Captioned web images

·····

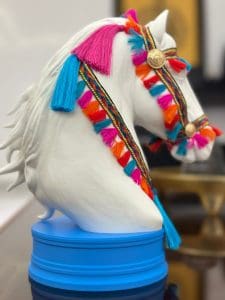Buste de cheval marocain Édition Blanche — « Esprit Festif » 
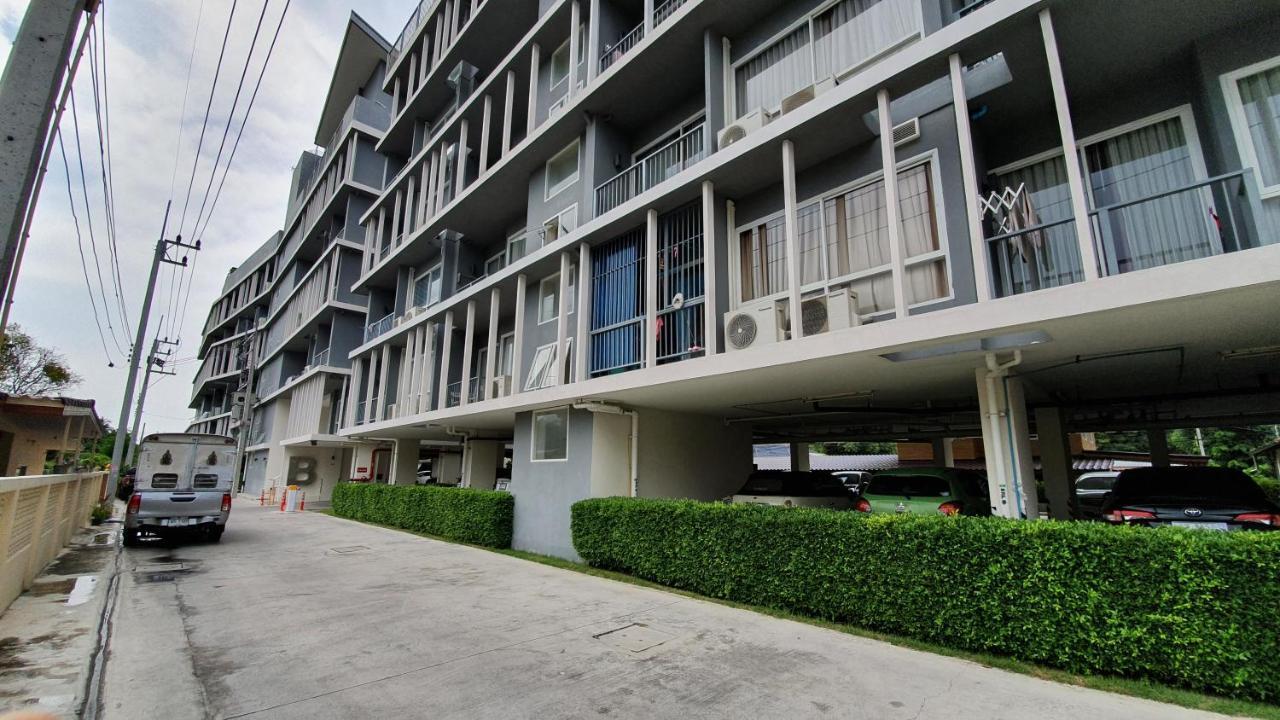 The Patio Bangsaen Exterior foto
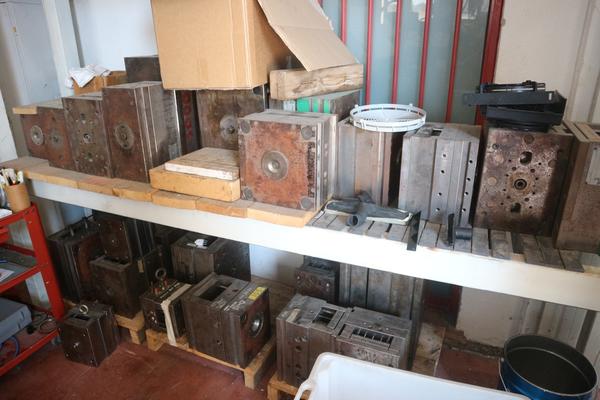 1#2210 Macchinari per la produzione di elementi arredo in poliuretano e plastica in vendita - foto 13
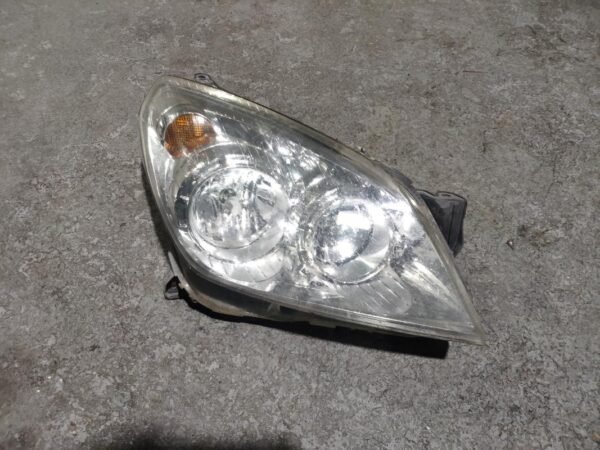Faro derecho Opel Astra H 1.3 CDTI (90 cv)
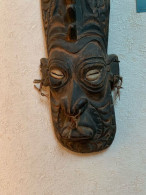 Ancien Masque Polynésien En Bois - Afrikanische Kunst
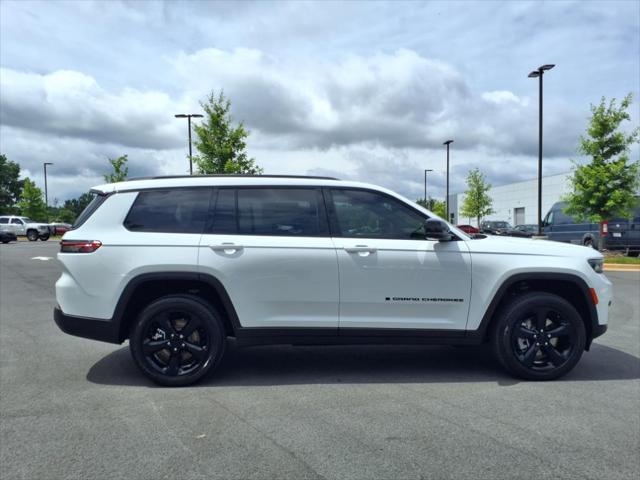 2025 Jeep Grand Cherokee Altitude X photo 19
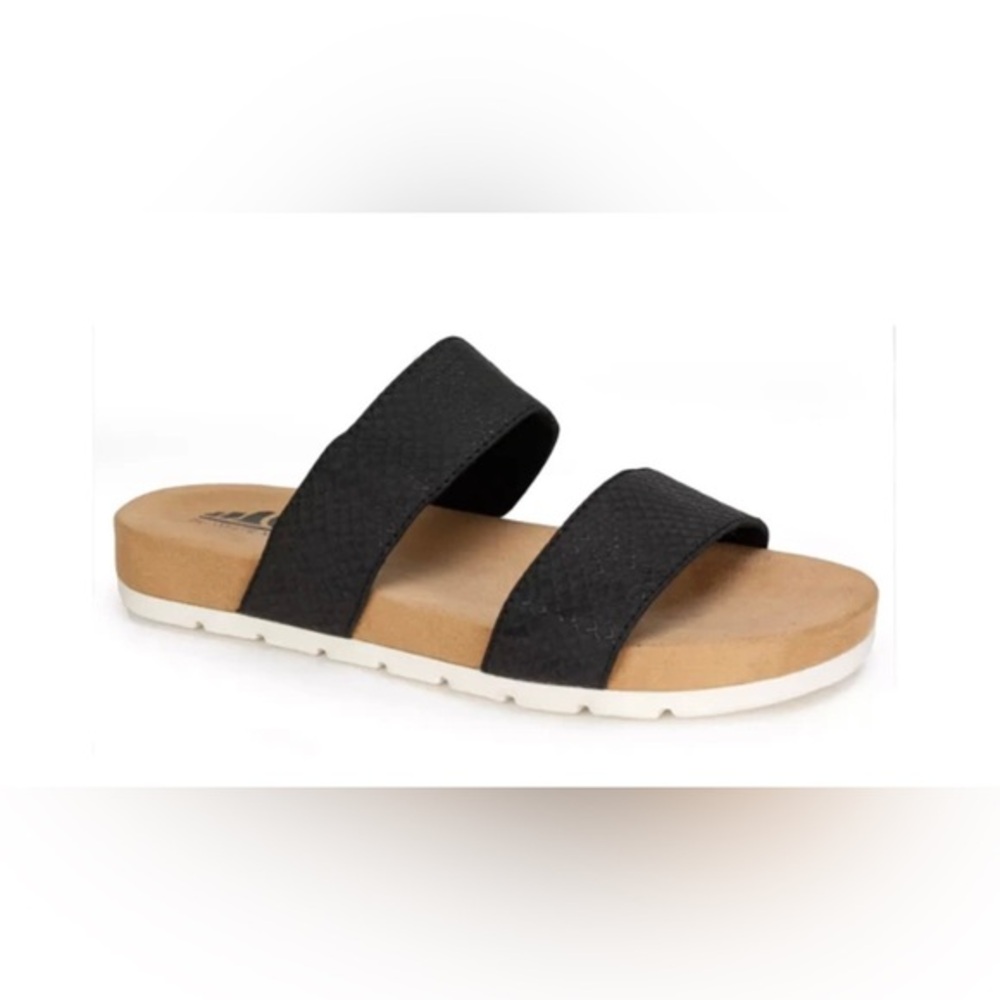 NWT Cliffs by White Mountain Slides Size 10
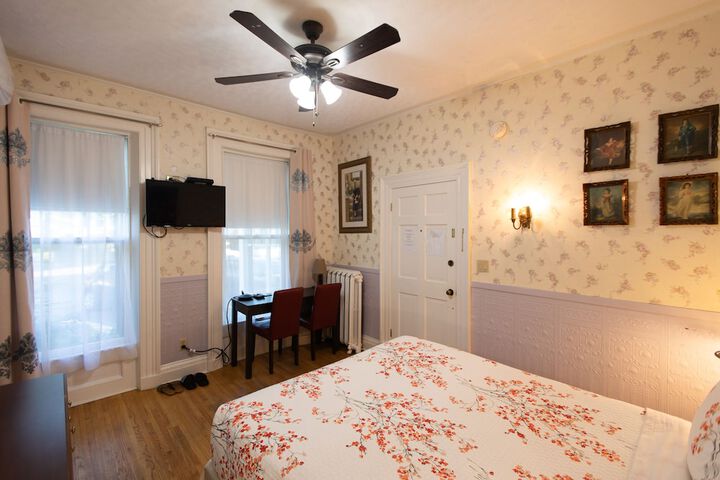 Room 15 of 71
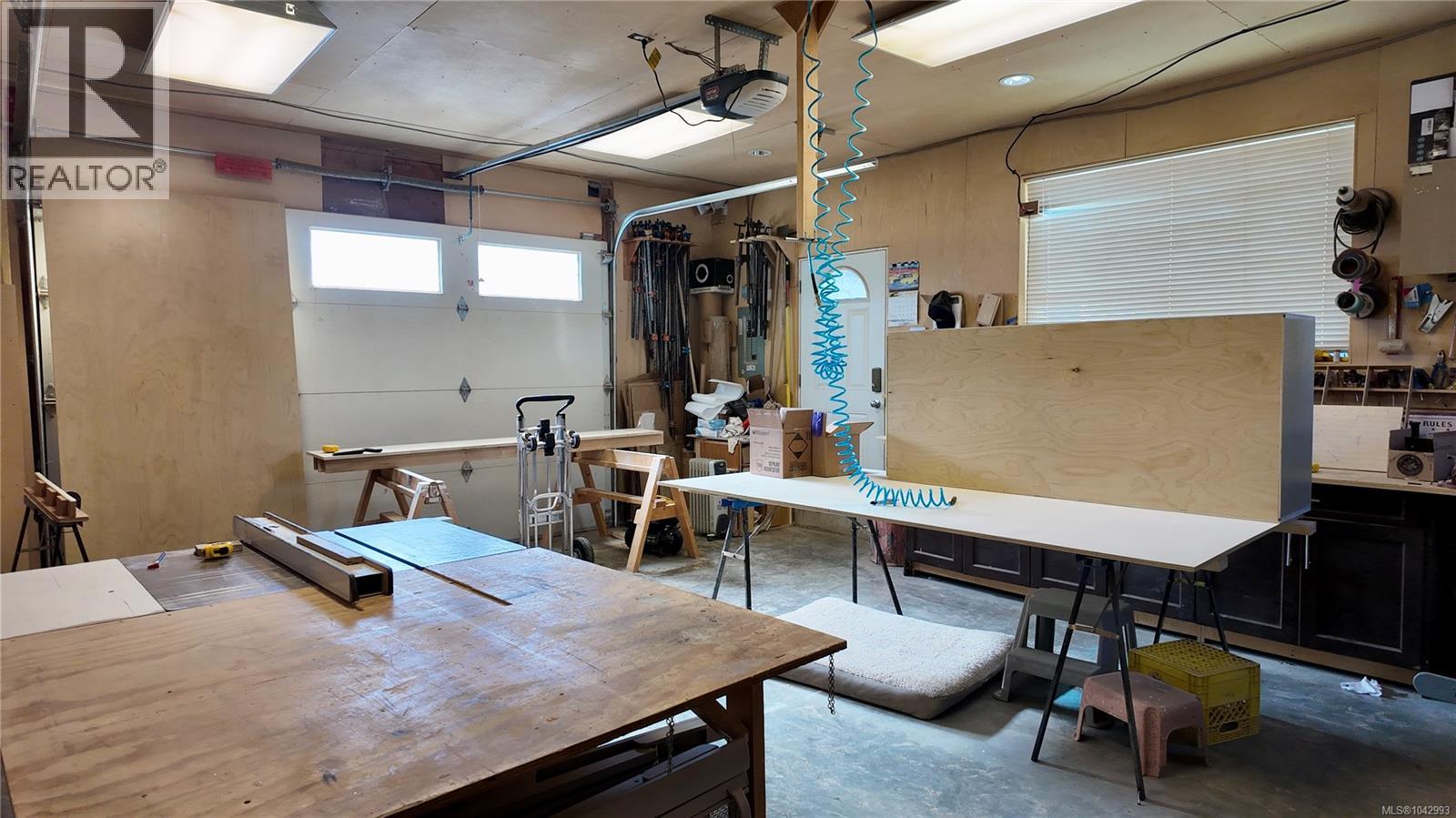 213 Tal Cres - 90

·····

→ **What is required**
Verbatim, write out the line containing "The Patio Bangsaen Exterior foto" and all later lines through the end of the records, leaving every picture out.

→ **Response for this exercise**
 The Patio Bangsaen Exterior foto
 1#2210 Macchinari per la produzione di elementi arredo in poliuretano e plastica in vendita - foto 13
Faro derecho Opel Astra H 1.3 CDTI (90 cv)
 Ancien Masque Polynésien En Bois - Afrikanische Kunst
 2025 Jeep Grand Cherokee Altitude X photo 19
 NWT Cliffs by White Mountain Slides Size 10
 Room 15 of 71
 213 Tal Cres - 90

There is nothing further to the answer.